CULTURE OF INCLUSIVITY
by Nathan Artt, on November 2021
This is shocking to me, but Target’s culture and communications strategy did not make the list of major factors that were attributed to its turnaround success in any of the articles and research used to create this resource. However, it is very obvious that this view from Rick Gomez, the Chief Marketing Officer at Target, as expressed in this interview in Forbes, describes the reason for the success of Target in executing its strategy.
Here are a few snippets from the interview:
“We are constantly looking at how we show up in the world - with a strong focus on inclusivity, because the road to growth is of bringing people in and making everyone feel like they belong when they are shopping at Target.”
“More than three-quarters of Americans live within a short drive of a Target store. We’re accessible to everyone through our app and website. That means the days of a singular view of the Target guest are over.”
“... inclusivity. This is something I can’t stress enough. That’s why I’d encourage every brand to think about the stories they’re telling through their marketing. Really look hard at how you’re showing up and the messages you’re sending. And then ask, “Who am I missing? Who else can I invite in?” I think there’s a tremendous opportunity out there for brands that can find those universal truths that are relevant to their business and use those to not only bring people in, but to bring people together.”

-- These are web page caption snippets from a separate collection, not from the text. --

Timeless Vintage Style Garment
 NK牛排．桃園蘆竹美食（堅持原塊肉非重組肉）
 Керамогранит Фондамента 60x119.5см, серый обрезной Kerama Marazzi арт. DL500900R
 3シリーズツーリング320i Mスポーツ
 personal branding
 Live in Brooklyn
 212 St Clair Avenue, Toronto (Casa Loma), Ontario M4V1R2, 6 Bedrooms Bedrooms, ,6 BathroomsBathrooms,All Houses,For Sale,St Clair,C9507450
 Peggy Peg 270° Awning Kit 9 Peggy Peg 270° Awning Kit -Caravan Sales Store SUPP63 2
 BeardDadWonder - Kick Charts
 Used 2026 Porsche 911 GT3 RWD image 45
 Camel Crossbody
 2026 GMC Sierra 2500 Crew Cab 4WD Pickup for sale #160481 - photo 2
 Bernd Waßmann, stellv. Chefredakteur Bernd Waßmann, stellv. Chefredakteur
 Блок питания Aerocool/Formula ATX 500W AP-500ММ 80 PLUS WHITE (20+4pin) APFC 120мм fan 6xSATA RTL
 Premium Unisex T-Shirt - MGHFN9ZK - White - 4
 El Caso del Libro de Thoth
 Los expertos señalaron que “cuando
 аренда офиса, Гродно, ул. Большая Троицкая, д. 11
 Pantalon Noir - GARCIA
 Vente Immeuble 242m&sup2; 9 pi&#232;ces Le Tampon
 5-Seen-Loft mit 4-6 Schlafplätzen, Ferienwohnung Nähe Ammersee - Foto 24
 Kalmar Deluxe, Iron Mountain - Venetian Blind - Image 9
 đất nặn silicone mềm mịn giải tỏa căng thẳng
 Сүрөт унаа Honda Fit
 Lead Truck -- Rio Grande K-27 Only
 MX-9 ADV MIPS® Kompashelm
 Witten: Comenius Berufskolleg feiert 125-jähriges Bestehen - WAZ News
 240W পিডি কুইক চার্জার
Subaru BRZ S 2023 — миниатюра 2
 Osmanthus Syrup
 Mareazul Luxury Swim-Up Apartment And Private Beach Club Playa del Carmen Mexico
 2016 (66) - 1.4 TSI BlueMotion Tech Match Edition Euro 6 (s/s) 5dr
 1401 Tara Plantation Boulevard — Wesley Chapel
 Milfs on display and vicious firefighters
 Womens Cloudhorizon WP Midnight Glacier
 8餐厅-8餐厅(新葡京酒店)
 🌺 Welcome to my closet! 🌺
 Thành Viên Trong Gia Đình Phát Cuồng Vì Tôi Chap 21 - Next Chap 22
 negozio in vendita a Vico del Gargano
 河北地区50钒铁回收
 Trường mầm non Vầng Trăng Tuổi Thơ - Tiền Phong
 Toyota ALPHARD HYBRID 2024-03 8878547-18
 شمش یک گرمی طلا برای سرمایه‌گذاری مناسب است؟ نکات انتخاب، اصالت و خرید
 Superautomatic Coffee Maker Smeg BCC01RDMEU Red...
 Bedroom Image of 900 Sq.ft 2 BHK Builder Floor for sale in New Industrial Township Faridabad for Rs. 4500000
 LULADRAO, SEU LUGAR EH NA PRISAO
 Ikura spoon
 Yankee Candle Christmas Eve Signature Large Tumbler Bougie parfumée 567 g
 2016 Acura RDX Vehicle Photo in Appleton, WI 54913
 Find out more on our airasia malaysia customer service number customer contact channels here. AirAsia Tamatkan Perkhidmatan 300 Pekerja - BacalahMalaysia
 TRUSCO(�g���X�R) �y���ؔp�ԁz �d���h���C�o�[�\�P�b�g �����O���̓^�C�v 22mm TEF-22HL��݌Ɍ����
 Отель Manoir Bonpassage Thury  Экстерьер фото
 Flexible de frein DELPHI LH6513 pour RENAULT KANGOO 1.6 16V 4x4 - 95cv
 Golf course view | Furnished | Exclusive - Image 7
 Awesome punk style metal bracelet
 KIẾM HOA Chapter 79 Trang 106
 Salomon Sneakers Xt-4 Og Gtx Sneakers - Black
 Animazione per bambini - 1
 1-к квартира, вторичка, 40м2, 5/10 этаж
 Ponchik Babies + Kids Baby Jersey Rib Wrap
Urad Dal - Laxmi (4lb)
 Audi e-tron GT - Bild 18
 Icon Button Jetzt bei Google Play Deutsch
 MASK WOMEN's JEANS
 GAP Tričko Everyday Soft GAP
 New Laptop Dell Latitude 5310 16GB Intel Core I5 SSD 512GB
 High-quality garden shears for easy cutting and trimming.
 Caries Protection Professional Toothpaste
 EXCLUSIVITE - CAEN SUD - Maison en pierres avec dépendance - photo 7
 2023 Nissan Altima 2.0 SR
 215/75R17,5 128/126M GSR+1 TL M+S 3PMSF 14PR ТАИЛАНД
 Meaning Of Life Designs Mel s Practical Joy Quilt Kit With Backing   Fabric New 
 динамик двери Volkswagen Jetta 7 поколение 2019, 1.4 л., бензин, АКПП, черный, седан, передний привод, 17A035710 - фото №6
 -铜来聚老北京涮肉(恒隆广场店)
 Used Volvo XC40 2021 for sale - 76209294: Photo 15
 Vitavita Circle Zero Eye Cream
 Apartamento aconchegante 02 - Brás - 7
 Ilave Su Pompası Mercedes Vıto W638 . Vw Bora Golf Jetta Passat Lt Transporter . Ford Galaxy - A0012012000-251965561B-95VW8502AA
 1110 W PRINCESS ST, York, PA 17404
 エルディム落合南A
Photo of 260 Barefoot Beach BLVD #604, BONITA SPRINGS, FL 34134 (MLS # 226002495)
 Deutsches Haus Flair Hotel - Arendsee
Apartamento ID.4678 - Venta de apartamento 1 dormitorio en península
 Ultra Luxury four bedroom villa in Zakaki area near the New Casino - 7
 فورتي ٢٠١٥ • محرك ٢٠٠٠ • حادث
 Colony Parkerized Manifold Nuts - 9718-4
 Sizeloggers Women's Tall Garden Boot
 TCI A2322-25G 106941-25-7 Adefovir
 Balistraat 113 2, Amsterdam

It’s not my job to interpret this for you as the reader, but I will share what I see when I read this. Communications is at the heart of driving Target’s strategy.
Their entire strategy is based on the foundational idea of bringing people in and making them feel like they belong, not on convincing people of Target’s greatness.
In order to accomplish this, Target spent a lot of time getting to know their customer so they knew what to send them and when to engage them. Target, like Home Depot and others, used data for value creation (not value extraction) and constantly evaluated how their differentiated audience was interacting with them. The end goal was to make the customer feel like the hero.
We recently hosted Jeff Henderson, a Chick-fil-A executive, pastor, and the author of Know What You’re For, to speak at one of our Innovation Labs. One of the things that Jeff repeated is that a brand is no longer what you say about yourself, but rather what other people say about you to other people. For Target, the marketing strategy is about creating an experience that people remarked about to their friends. It was about invitation through storytelling, where the customer is the hero, not the brand. By making the customer the hero, more people wanted to belong at Target. The success of Target in its digital marketing is that people feel like Target is for them. As a result, Target has not only created a consumer base, but a fan base. Meaning, people don’t just buy from the store, people are at the heart of the marketing strategy as participants who share their experience with their friends, who then also want to belong as Target customers.
Are we constantly evaluating how we are showing up in the world—i.e. evaluating what we’re known for (actual) versus what we want to be known for (aspirational)? If so, how?
Does our communications strategy tell people about us and what we are doing (content, sermons, programs, etc.), or do we use our communications platform to invite people in and give them a place to belong?